According to an embodiment of the present disclosure, the at least one processor may execute the one or more instructions included in the one or more memories to, when at least some samples of the block indicated by the at least one reference vector are not reconstructed, obtain a sample difference value with respect to the non-reconstructed at least some samples. The at least one processor may execute the one or more instructions included in the one or more memories to determine values of the non-reconstructed at least some samples by using the obtained sample difference value.
According to an embodiment of the present disclosure, the at least one processor may execute the one or more instructions included in the one or more memories to, when at least some samples of the block indicated by the at least one reference vector are not reconstructed, correct a position of the block to reconstruct all of samples of the block. The at least one processor may execute the one or more instructions included in the one or more memories to reconstruct the current block by using the block of which the position is corrected.
According to an embodiment of the present disclosure, an image encoding method is provided. The image encoding method may include determining one or more candidate vectors for performing template matching on a current block. The image encoding method may include determining at least one reference vector with respect to the current block, from among the one or more candidate vectors. The image encoding method may include reconstructing the current block by using the at least one reference vector.

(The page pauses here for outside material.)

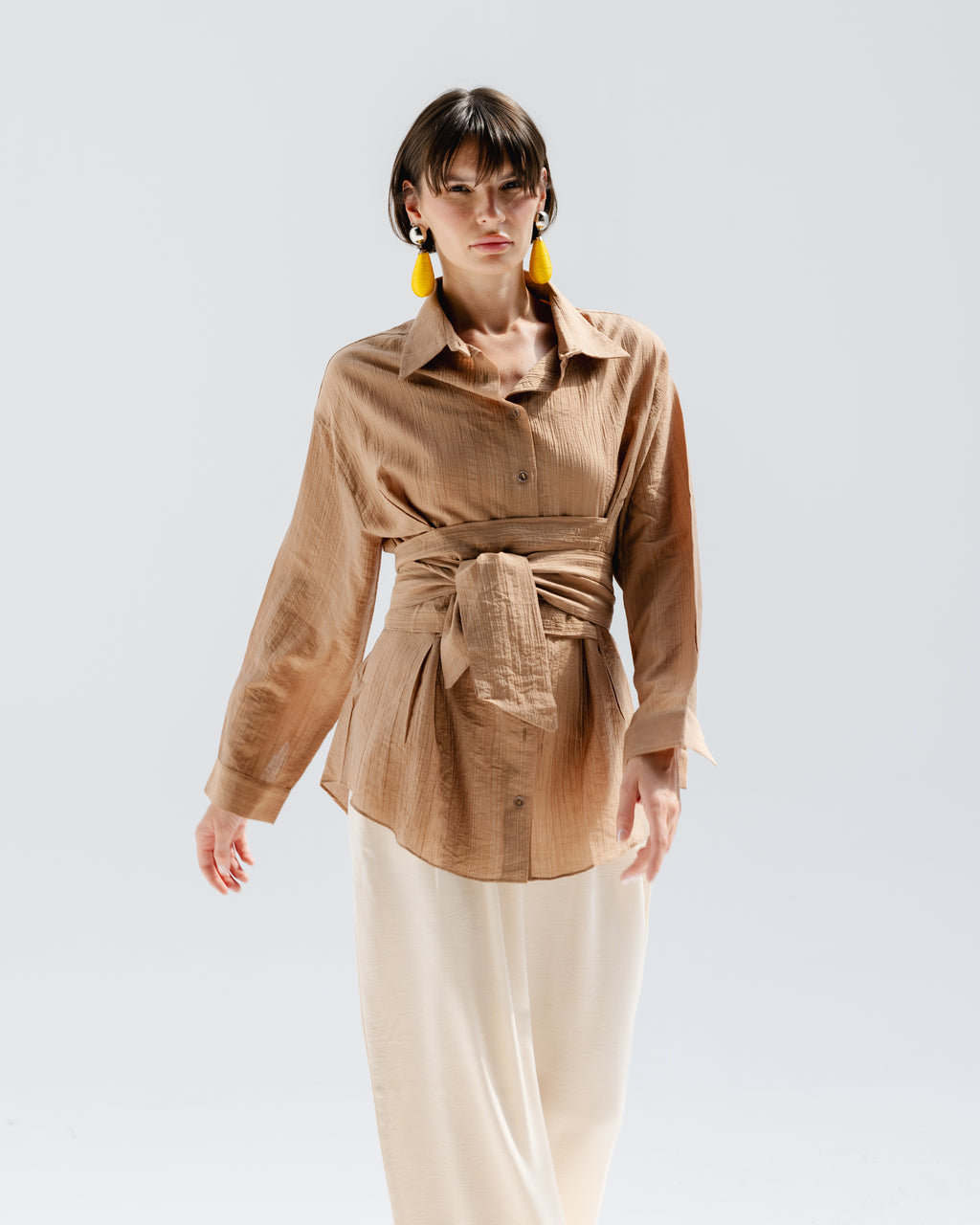 Ray Wrap Shirt in Cafe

According to an embodiment of the present disclosure, the determining of the one or more candidate vectors may include determining the one or more candidate vectors to include at least one of a first block vector or a first motion vector of a neighboring block of the current block, determining the one or more candidate vectors to include at least one of a second motion vector of a block indicated by the first block vector of the neighboring block of the current block or a second block vector of a block indicated by the first motion vector of the neighboring block of the current block, and determining the one or more candidate vectors to include at least one of a third block vector or a third motion vector included in a history-based vector list.
According to an embodiment of the present disclosure, the determining of the at least one reference vector may include determining an error between a template of the current block and a template of a block indicated by the one or more candidate vectors. The determining of the at least one reference vector may include determining the at least one reference vector, based on the error.
According to an embodiment of the present disclosure, the neighboring block may include at least one of an adjacent block adjacent to the current block or a non-adjacent block that is not adjacent to the current block but located within a predetermined distance from the current block.
According to an embodiment of the present disclosure, the history-based vector list may include at least one of a block vector with respect to a template matching prediction mode or a block vector with respect to an intra block copy mode.
According to an embodiment of the present disclosure, the history-based vector list may include at least one of a history-based block vector list including one or more block vectors or a history-based motion vector list including one or more motion vectors. The block vector with respect to the template matching prediction mode and the block vector with respect to the intra block copy mode may be stored in at least one of the history-based block vector list or the history-based motion vector list.
According to an embodiment of the present disclosure, the determining of the at least one reference vector may include determining a vector having a smallest error from among the one or more candidate vectors as the at least one reference vector. The reconstructing of the current block by using the at least one reference vector may include determining a reference region, based on a weighted sum between a block indicated by the at least one reference vector and a block indicated by a default intra mode. The reconstructing of the current block by using the at least one reference vector may include reconstructing the current block by using the reference region.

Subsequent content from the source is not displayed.